Grammont.—Grammont lace, so called from the town of Grammont, in Belgium, where it was originally manufactured, is of two kinds: (a) A cheap, white pillow lace. (b) A black silk lace, resembling the Chantilly blondes. These laces are made for flounces and shawls, and were used both in America and Europe. As compared with Chantilly, the ground is coarser and the patterns are not so clear-cut and elegant as the real Chantilly.
Gueuse.—A thread pillow lace made in France during the eighteenth century. The ground of this lace was réseau, and the toilé was worked with a thicker thread than the ground. It was formerly an article of extensive consumption in France, but, after the beginning of the nineteenth century, it was little used, except by the poorer classes. It was formerly called "Beggars' lace."

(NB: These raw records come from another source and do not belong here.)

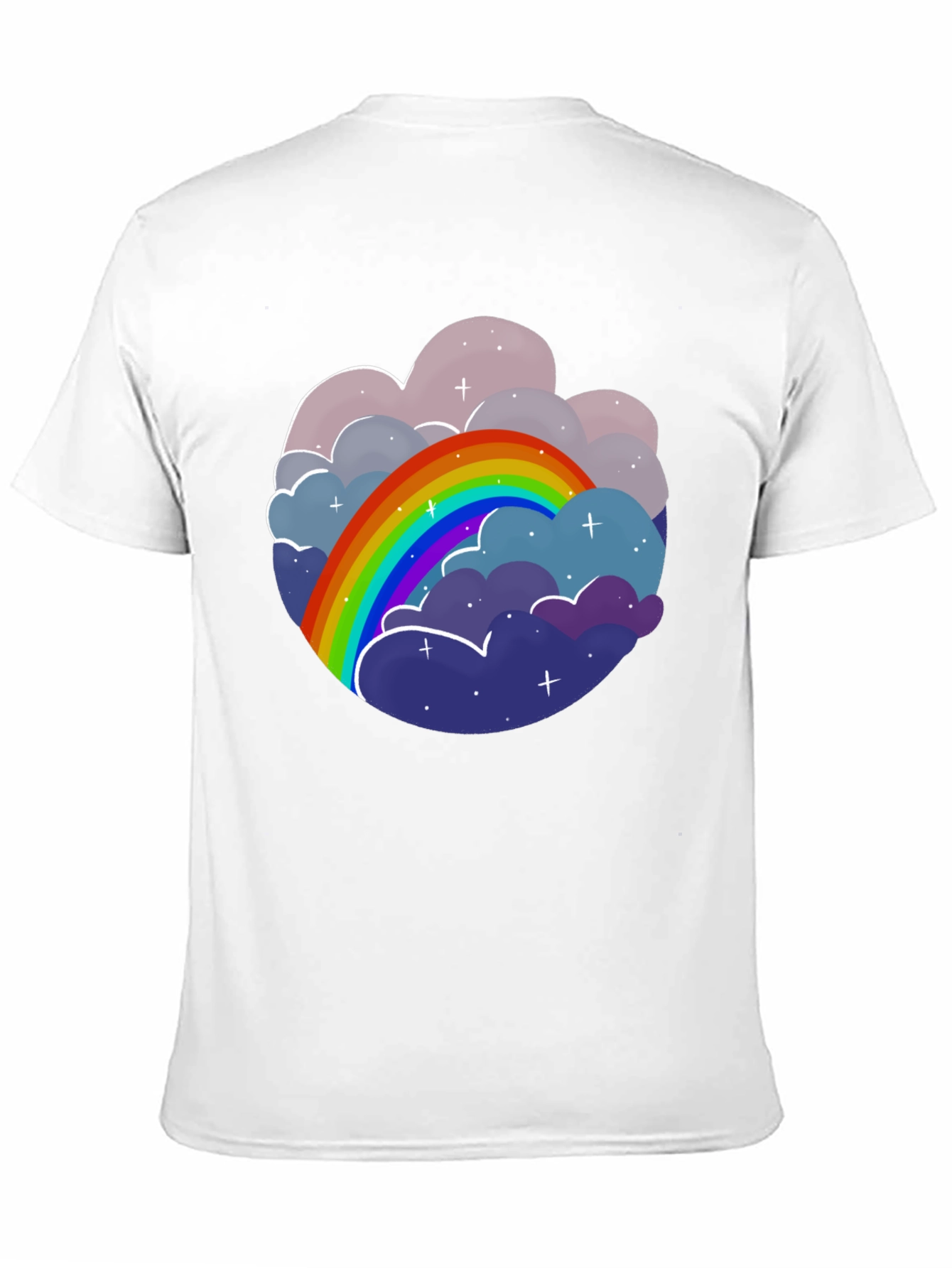 Camiseta Negra con Diseño de Arcoíris y Nubes
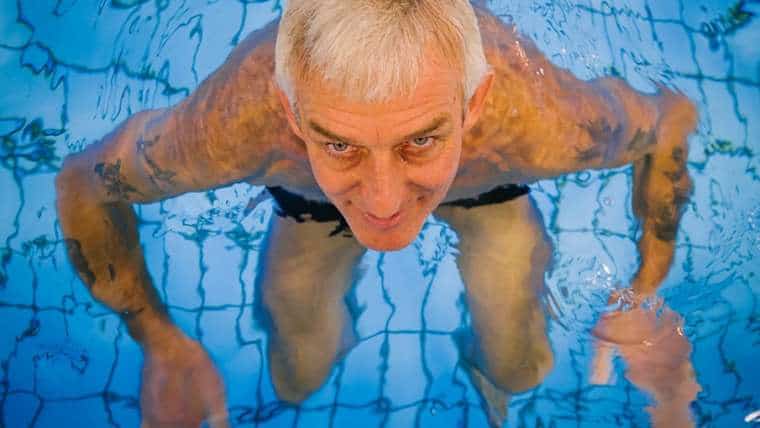 Jak senior w wodzie – o znaczeniu zajęć na pływalni dla osób starszych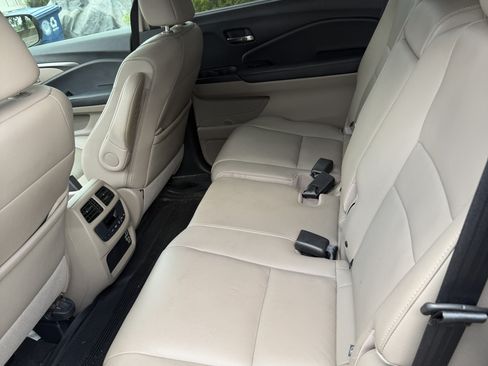 Used 2019 Honda Pilot EX-L image 11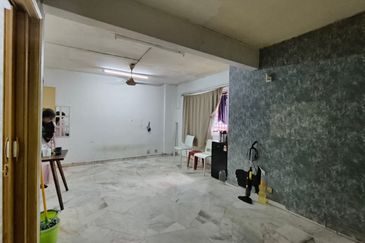 Pangsapuri Kiambang, Bukit Subang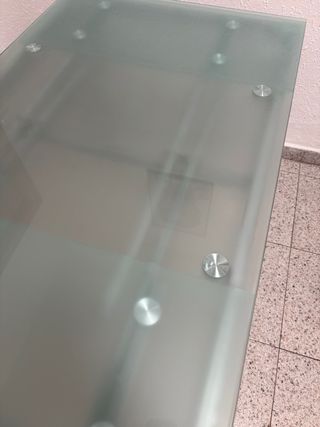 Mesa de comedor cristal y metal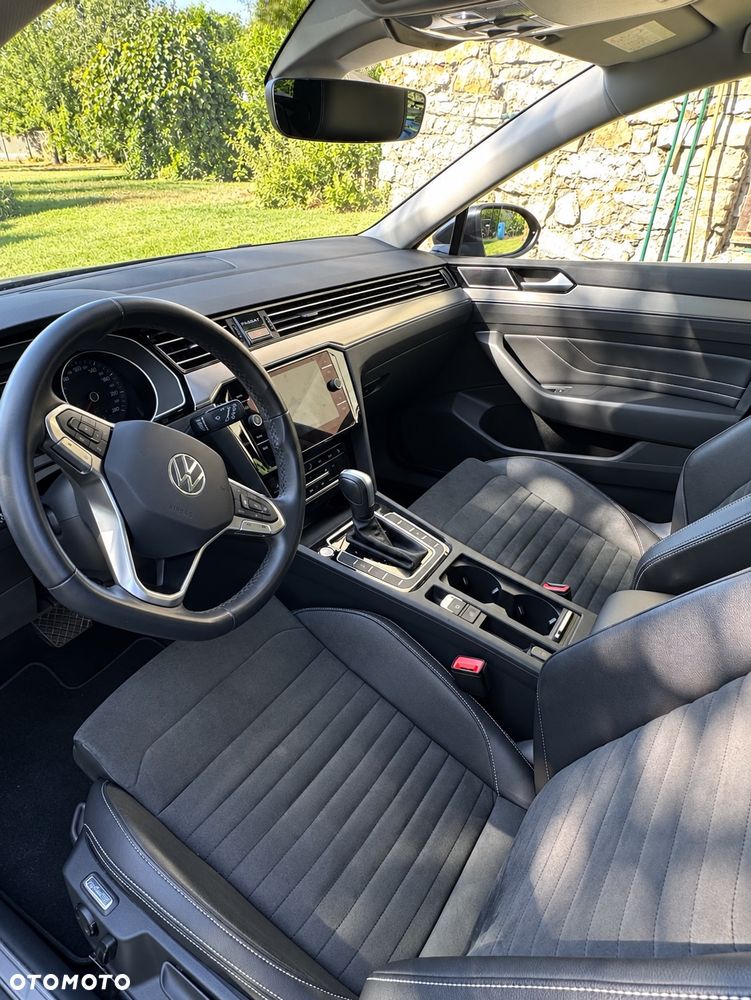 Volkswagen Passat - 5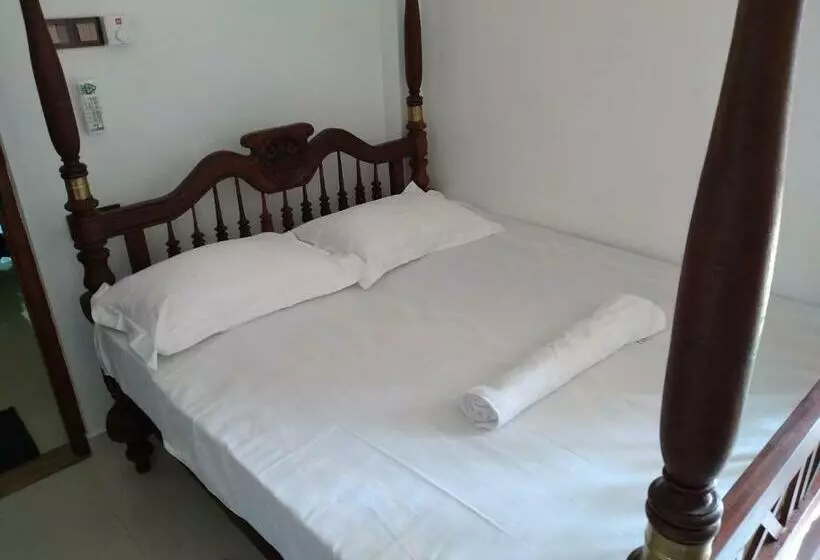 تختخواب و صبحانه Golden Vila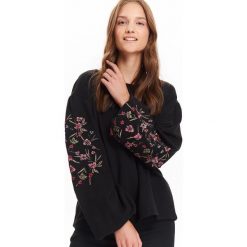 BLUZA NIEROZPINANA DAMSKA, LUŹNA, Z HAFTEM NA BUFIASTYCH RĘKAWACH. Czarne bluzy damskie Top Secret, na lato, z haftami, z dzianiny, bez rękawów, bez kaptura. W wyprzedaży za 39,99 zł.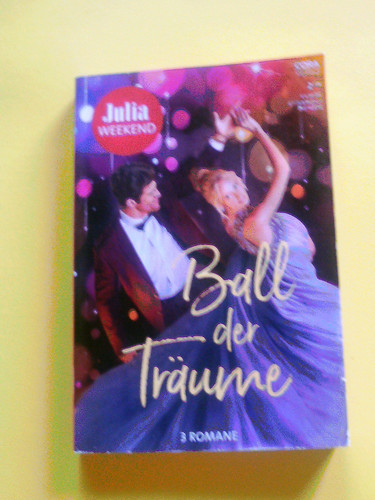 Julia weekend ball der - ,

Guipure.—It was originally a kind of lace or passement made of cartisane and twisted silk. The name was afterward applied to heavy lace made with thin wires whipped around the silk, and with cotton thread. The word guipure is no longer commonly used to denote such work as this, but has become a term of variable designation, and it is so extensively applied that it is difficult to give a limit to its meaning. It may be used to define a lace where the flowers are either joined by brides, or large coarse stitches, or lace that has no ground. The modern Honiton and Maltese are guipures, and so is Venetian point. But as the word has also been applied to large, flowing pattern laces, worked with coarse net grounds, it is impossible to lay down any hard and fast rule about it.
Henriques.—A fine stitch or point, used both in early and modern needle-point work.